Collection entries
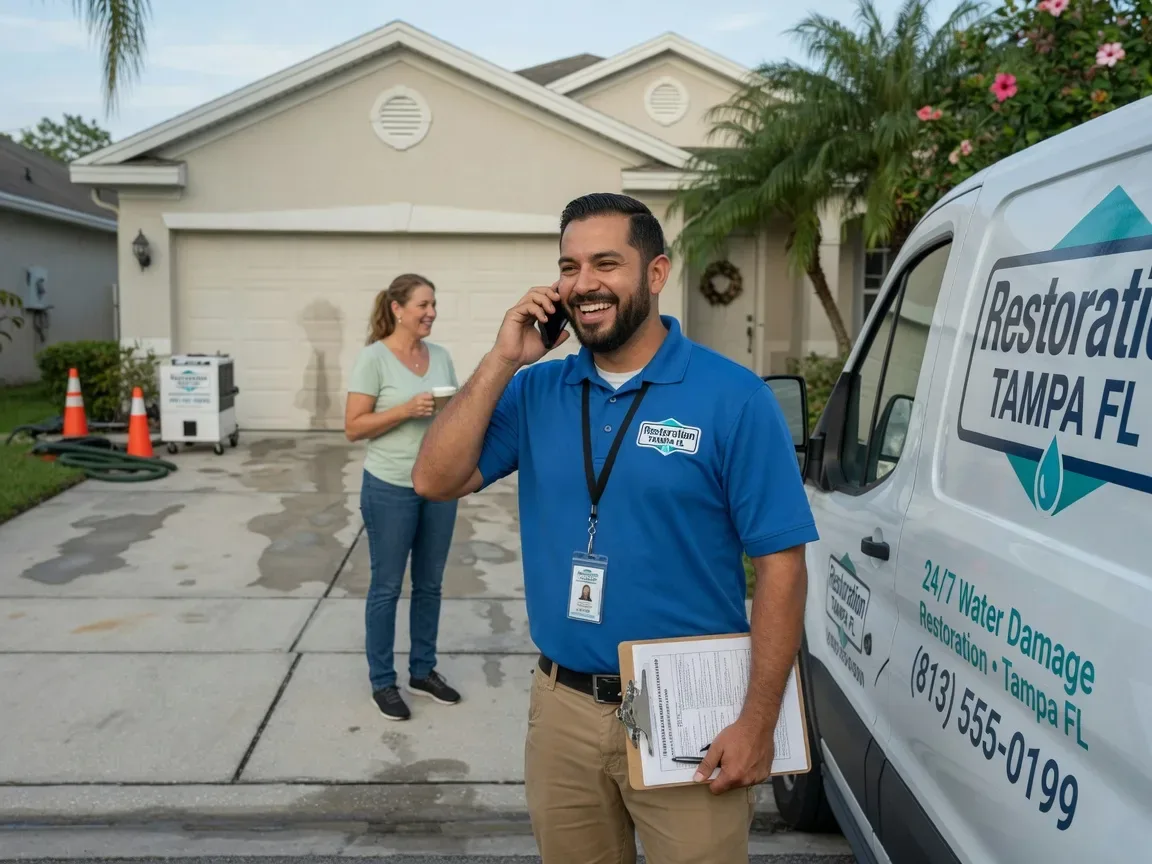 Water Damage Restoration Greenwich, OH FAQs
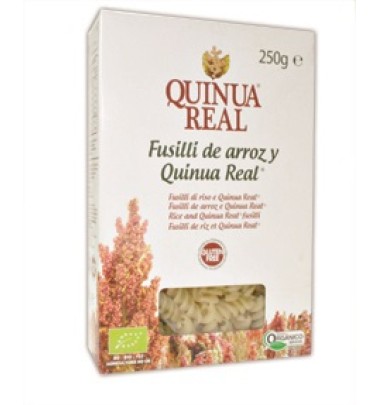 FUSILLI RISO QUINOA BIO QUINOA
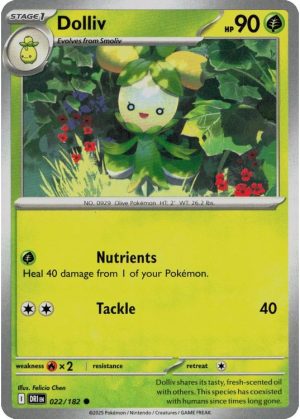 Dolliv - 022/182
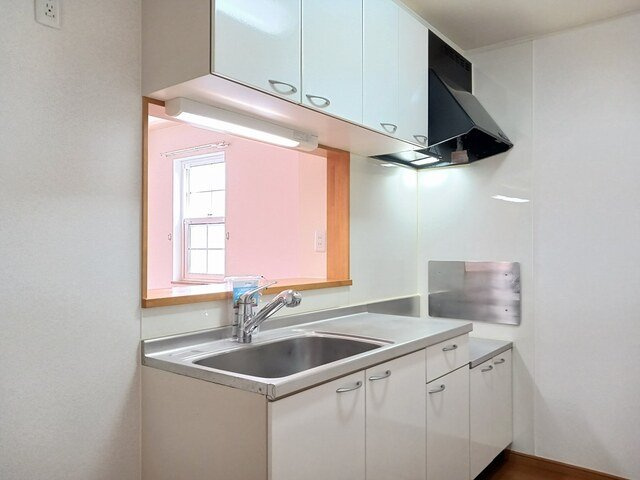 クロシェットⅢのキッチン|お料理しやすいキッチンです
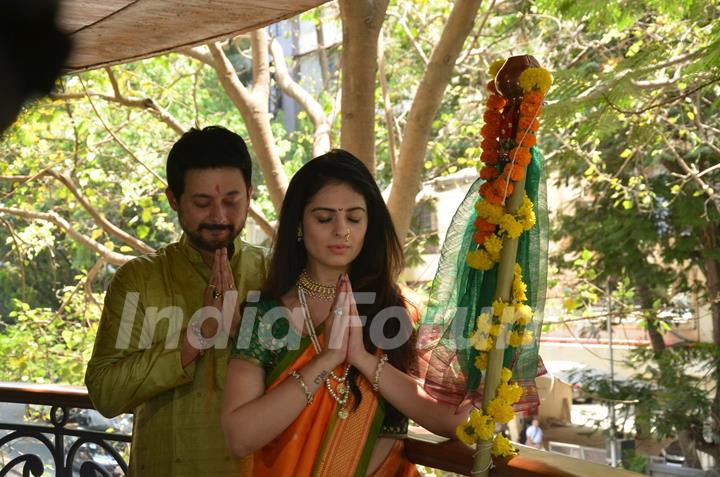 Swapnil Joshi Celebrates Gudi Padwa!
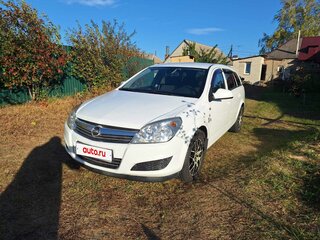 2012 Opel Astra H Рестайлинг, белый, 685000 рублей, вид 1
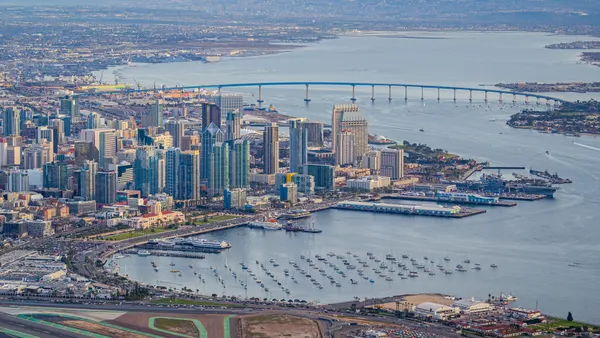 Downtown San Diego skyline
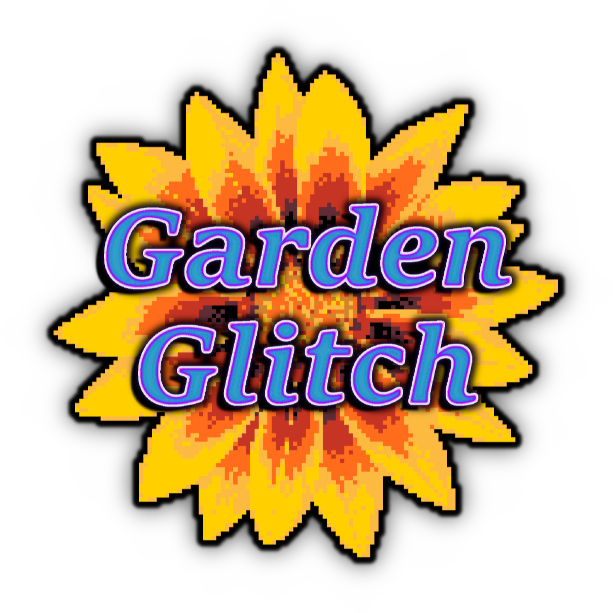 GardenGlitch Cross Stitch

• [ASSIGNMENT] Take the entries above and set them down exactly, minus the pictures.

• [WRITTEN SOLUTION]
 Water Damage Restoration Greenwich, OH FAQs
 FUSILLI RISO QUINOA BIO QUINOA
 Dolliv - 022/182
 クロシェットⅢのキッチン|お料理しやすいキッチンです
 Swapnil Joshi Celebrates Gudi Padwa!
 2012 Opel Astra H Рестайлинг, белый, 685000 рублей, вид 1
 Downtown San Diego skyline
 GardenGlitch Cross Stitch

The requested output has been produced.